2.6 Concurrency

Concurrent applications have multiple operations in progress at the same time. These can operate in parallel or in serial through the use of a time sharing system.

In a concurrent application, multiple tasks attempt to share the same data. Access to this data must be managed to prevent complex problems such as race conditions, deadlocks, and livelocks.
Race conditions
A race condition occurs when two or more threads try to modify the value of one variable at the same time. In general, the final value of the computation will always produce the same value, but when a race condition occurs, the variable can get a different value that depends on the order of the writes.
A deadlock occurs when two threads become blocked by each other and neither thread can make progress. This can happen when each thread obtains a lock that the other thread requires.
A livelock is similar to deadlock, but the threads keep running. Because of the lock, the threads can never complete their tasks.
Concurrent applications require concurrent data structures. A concurrent data structure is a data structure that enables multiple tasks to gain access to the data with no concurrency problems.
Data parallel applications use concurrent data structures.
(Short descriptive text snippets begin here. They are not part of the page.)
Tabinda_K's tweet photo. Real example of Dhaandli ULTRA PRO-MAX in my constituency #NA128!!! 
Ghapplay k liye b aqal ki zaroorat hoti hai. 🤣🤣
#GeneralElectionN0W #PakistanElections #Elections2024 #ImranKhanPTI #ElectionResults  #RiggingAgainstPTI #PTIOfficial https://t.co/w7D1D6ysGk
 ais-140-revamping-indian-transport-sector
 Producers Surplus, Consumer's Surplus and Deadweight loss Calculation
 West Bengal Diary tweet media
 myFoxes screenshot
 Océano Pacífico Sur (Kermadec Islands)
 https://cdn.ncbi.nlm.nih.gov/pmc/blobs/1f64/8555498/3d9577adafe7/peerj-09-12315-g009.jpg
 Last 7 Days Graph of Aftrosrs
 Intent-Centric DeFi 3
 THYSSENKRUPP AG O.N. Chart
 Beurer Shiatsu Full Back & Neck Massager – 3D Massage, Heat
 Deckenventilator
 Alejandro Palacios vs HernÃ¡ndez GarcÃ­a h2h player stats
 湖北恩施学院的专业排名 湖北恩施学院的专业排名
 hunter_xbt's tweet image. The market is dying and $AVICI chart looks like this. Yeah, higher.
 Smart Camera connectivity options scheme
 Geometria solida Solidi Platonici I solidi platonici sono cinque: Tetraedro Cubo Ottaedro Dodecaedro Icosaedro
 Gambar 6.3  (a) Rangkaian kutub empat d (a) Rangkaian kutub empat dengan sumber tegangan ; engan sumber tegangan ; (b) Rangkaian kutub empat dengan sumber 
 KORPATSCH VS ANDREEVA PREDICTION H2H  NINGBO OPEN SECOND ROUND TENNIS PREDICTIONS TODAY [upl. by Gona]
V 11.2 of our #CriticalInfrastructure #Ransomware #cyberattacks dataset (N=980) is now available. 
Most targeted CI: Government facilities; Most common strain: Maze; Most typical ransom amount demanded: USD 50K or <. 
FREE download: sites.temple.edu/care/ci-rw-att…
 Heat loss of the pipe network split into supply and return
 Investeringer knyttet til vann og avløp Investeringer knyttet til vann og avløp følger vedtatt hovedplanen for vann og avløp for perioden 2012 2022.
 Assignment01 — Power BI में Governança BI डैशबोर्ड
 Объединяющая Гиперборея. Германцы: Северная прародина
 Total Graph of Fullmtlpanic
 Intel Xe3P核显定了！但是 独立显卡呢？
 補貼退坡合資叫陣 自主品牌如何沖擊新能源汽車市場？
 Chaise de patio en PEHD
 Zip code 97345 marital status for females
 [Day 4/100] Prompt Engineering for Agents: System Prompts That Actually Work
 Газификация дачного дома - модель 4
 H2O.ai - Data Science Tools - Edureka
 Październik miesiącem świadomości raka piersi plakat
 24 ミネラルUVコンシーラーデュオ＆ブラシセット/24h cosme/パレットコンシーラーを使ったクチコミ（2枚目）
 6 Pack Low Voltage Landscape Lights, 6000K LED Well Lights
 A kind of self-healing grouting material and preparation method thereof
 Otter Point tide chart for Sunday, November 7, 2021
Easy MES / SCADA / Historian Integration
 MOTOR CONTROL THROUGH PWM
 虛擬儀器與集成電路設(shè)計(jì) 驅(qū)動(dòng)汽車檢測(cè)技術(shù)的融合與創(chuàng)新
These are the sorts of data structures that you typically use in OpenCL.
OpenCL includes atomic operations to help manage interactions between threads. Atomic operations provide one thread exclusive access to a data item while it modifies it. The atomic operation enables one thread to read, modify, and write the data item with the guarantee that no other thread can modify the data item at the same time.


OpenCL does not guarantee the order of operation of threads. Threads can start and finish in any order.